Cybersecurity is protecting data from unauthorized access, integrity and destruction. It is also about keeping critical information accessible to legitimate users.
Consumers are paying more attention; governments are putting rules and regulations in place; and companies are investing time, money and energy to guard against cyberattacks.
The good news is that savvy leaders can turn cybersecurity threats into business opportunities. To get started, consider McKinsey’s best practices for strengthening your defenses.
Cybersecurity is the practice of protecting networks, devices and data from unauthorized access and malicious use. It encompasses policies, technologies and education. It is important for business because it protects valuable electronic assets from unauthorized access and theft of proprietary information like customer data, financial records or intellectual property.
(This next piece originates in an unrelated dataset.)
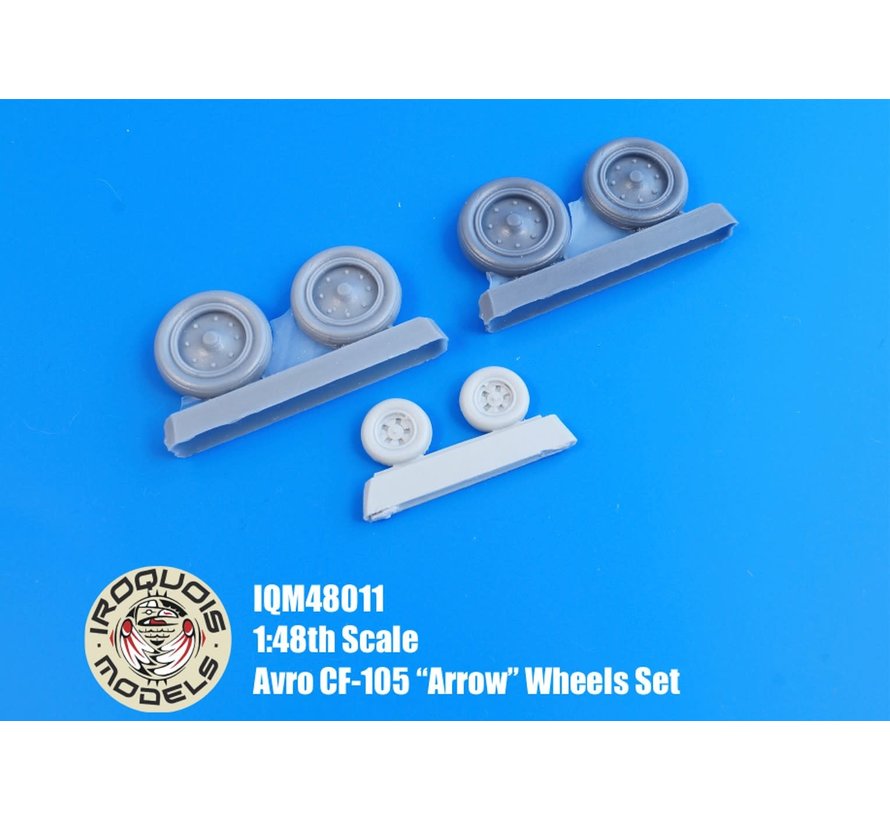 Iroquois CF105 Avro Arrow Wheels 1:48 for Hobbycraft kit HC1659 only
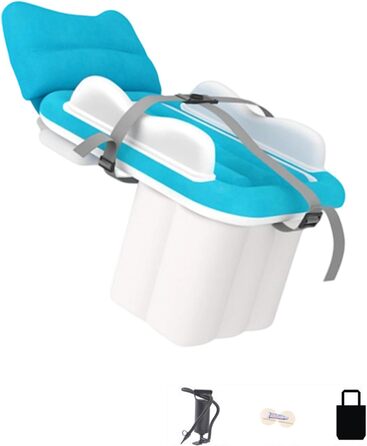 Легкий дорожній матрац для малюків, двосторонній флок, конструкція для швидкого надування, підходить для літака, автомобіля, використання на вулиці, складне дитяче ліжечко з насосом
It is also important for individual consumers because cybersecurity can prevent identity theft, extortion attempts and the loss of important personal information like family photos. Additionally, cybersecurity is essential for society to function properly because it secures critical infrastructure like power plants and hospitals as well as public entities such as schools, governments and banks.
The eighth instalment of the FOC WG 1 blog series examines the definitions of cybersecurity to determine how they support or hinder a human rights-respecting approach. It finds that while many of these definitions are useful, they lack a holistic view that supports interdisciplinarity. They are essentially a collection of technical perspectives that reflect the predominance of the technical perspective in cybersecurity discourse and research.
A cybersecurity risk assessment is a process of identifying and classifying an organization’s IT assets, along with determining what impact cyber attacks may have on these assets. A risk assessment must consider critical assets such as monetary, continuity of operations and intellectual property. It must also take into account the likelihood of an attack and its effect on an organization’s reputation.
A risk assessment must assess each asset’s vulnerability in a way that is flexible enough to change as the environment changes. It must also compare the cost of remediation to the potential cost of a cyber attack. This doesn’t necessarily mean monetary costs; the assessment must also include the time and disruption to the company that will result from the implementation of a remediation solution.
For example, an assessment may find that a company’s air conditioning is vulnerable to hackers, so it can reduce the risk by updating its software. It might be cheaper to do that than pay for the company to lose clients and damage its reputation.
Vulnerabilities are weaknesses that attackers can exploit to bypass barriers and gain unauthorised access to a system. They can be caused by hardware, software, operating systems, and network architecture flaws, misconfigurations, or a lack of security controls. They can also arise from poorly encrypted data or reused passwords.
A vulnerability is not a threat in and of itself but becomes one when it is exploited by a threat, such as a ransomware attack or cryptojacking. It is important to understand how to spot and mitigate these vulnerabilities.
Vulnerability management is the process of identifying, assessing, reporting on, and managing cyber vulnerabilities across endpoints, workloads and systems. It should be an ongoing, regular process and a vital part of an organization’s cybersecurity strategy. Vulnerabilities are prioritized and categorized based on their risk to an organization’s business functions. They are documented in the National Vulnerability Database (NVD). The database is maintained by MITRE, a not-for-profit corporation. It is regularly updated with CVE identifiers (Common Vulnerabilities and Exposures) information.
Cyber attacks affect everyone from consumers to critical infrastructure, like power plants and hospitals. Advanced cybersecurity measures are necessary to ensure that the information systems that support these vital services remain secure.
When attackers gain unauthorized access to your system, the consequences are catastrophic. Attacks include malware, ransomware, botnet software, RAT (remote access Trojan) attacks, cryptojacking, DDoS (distributed denial-of-service) attacks and more.
The best way to prevent cyberattacks is to mitigate vulnerabilities. Mitigation is the process of reducing or eliminating risk by implementing mitigation strategies, such as patching software, enforcing software signatures and limiting access to sensitive data.
Other risk mitigating techniques include establishing a disaster recovery plan and incorporating cyberattack awareness training for employees. Also, deploying contemporary hardware security features on newer devices can increase your system’s integrity and reduce threats. Backing up your system to remote storage and scheduling backups to happen frequently can also help you avoid cyberattacks. Having the right team on your side to help with mitigation is important, but so is finding a solution that automates some of the most tedious parts of vulnerability management.